Data set of the week: (2010/05/30) Use of fluorescence-activated vesicle sorting for isolation of naked2-associated, basolaterally-targeted exocytic vesicles for proteomic analysis.
This data set contains 6 experiments obtained
from C. familiaris and it is probably the best single data set we have in GPMDB from the domestic dog proteome. This work was transferred from TRANCHE
and it was published by Cao Z, Li C, Higginbotham JN, Franklin JL, Tabb DL, Graves-Deal R, Hill S, Cheek K, Jerome WG, Lapierre LA, Goldenring JR, Ham AJ, Coffey RJ.
in Mol. Cell. Proteomics 2008, 7:1651-67 (PubMed).
The individual experiments show how well fairly straightforward proteomics techniques can perform
on vesicular membrane proteins. They also demonstrate of the type of comprehensive results that can be obtained using a proteome
sequence that is almost completely the result of genome annotation.
Homo sapiens microbiome associated proteome available for searches (2010/05/29)
In honour of the Human Microbiome Project publication in Science,
we have compiled all of proteomes translated for the Human Microbiome Project and assembled them into a searchable
FASTA file. You can add all of these proteomes to your searches using either the normal or
human search pages (it is the first selection in the "prokaryotes" box).
Email should be OK (& a rendering change) (2010/05/26)
Our Email changes are complete, so all email should be OK as of today.

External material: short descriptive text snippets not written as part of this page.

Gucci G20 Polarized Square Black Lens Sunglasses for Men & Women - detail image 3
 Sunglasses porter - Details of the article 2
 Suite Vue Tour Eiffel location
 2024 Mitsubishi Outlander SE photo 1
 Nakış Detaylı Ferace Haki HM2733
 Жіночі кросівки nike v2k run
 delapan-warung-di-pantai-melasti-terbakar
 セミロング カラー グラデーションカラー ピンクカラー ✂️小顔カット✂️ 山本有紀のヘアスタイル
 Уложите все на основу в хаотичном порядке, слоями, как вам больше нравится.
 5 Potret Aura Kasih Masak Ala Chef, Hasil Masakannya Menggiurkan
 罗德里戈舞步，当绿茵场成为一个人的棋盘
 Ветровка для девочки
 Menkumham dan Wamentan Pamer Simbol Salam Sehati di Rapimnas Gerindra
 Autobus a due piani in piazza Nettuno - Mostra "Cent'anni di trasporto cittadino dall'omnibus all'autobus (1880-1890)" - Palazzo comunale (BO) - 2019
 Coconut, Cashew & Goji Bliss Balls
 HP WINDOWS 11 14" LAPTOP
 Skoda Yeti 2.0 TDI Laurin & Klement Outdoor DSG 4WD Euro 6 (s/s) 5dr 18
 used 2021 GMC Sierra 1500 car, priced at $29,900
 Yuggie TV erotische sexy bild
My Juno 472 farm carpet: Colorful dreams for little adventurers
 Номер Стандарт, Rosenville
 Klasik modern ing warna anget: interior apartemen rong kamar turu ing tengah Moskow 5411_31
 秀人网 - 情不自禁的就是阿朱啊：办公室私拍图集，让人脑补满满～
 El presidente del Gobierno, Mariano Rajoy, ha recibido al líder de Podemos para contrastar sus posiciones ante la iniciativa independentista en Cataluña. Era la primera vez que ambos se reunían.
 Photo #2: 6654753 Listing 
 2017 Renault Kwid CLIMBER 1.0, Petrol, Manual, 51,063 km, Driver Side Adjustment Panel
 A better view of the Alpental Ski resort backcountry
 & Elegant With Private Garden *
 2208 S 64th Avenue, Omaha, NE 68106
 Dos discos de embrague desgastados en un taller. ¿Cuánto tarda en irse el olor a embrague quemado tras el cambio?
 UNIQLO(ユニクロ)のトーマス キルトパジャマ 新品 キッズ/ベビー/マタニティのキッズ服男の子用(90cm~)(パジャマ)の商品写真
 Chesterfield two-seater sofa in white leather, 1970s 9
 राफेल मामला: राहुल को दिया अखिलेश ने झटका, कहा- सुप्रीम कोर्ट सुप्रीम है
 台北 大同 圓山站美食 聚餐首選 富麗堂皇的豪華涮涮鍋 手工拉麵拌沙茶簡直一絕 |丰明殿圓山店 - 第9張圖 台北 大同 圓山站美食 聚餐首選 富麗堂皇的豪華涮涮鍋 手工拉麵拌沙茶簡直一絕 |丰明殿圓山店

In order to maintain compatibility with the latest version of the web browser Chrome,
we've had to disable the 3D rendering of the protein coverage displays. Once we've figured
out how to deal with the changes in Chrome (or a new release of Chrome fixes the problem),
we will reinstate the 3D rendering.
Email changes (2010/05/25)
We are changing our email system, so for the next few days emails sent to "thegpm.org" addresses might
not be received. We are sorry for any inconvenience.
Data set of the week: (2010/05/23) A Global Protein Kinase and Phosphatase Interaction Network in Yeast.
This data set contains 450 pull-down experiments obtained
from S. cerevisiae. This work was transferred from TRANCHE
and it was published by Ashton Breitkreutz, Hyungwon Choi, Jeffrey R. Sharom, Lorrie Boucher, Victor Neduva, Brett Larsen, Zhen-Yuan Lin, Bobby-Joe Breitkreutz, Chris Stark, Guomin Liu, Jessica Ahn, Danielle Dewar-Darch, Teresa Reguly, Xiaojing Tang, Ricardo Almeida, Zhaohui Steve Qin, Tony Pawson,
Anne-Claude Gingras, Alexey I. Nesvizhskii, Mike Tyers Science 2010 328:1043-6.
Each of the individual results is annotated with the identity of the bait used in the pull-down
experiment. L-A and L-BC virus proteins are present in some of the pull-downs. The group did a remarkably
job at detecting phosphopeptides for a study that did not do any specific enrichment for these
peptides.
The iPhone wins (2010/05/20)
There are some people (probably with very good eye-sight) that use GPMDB on their mobile phones.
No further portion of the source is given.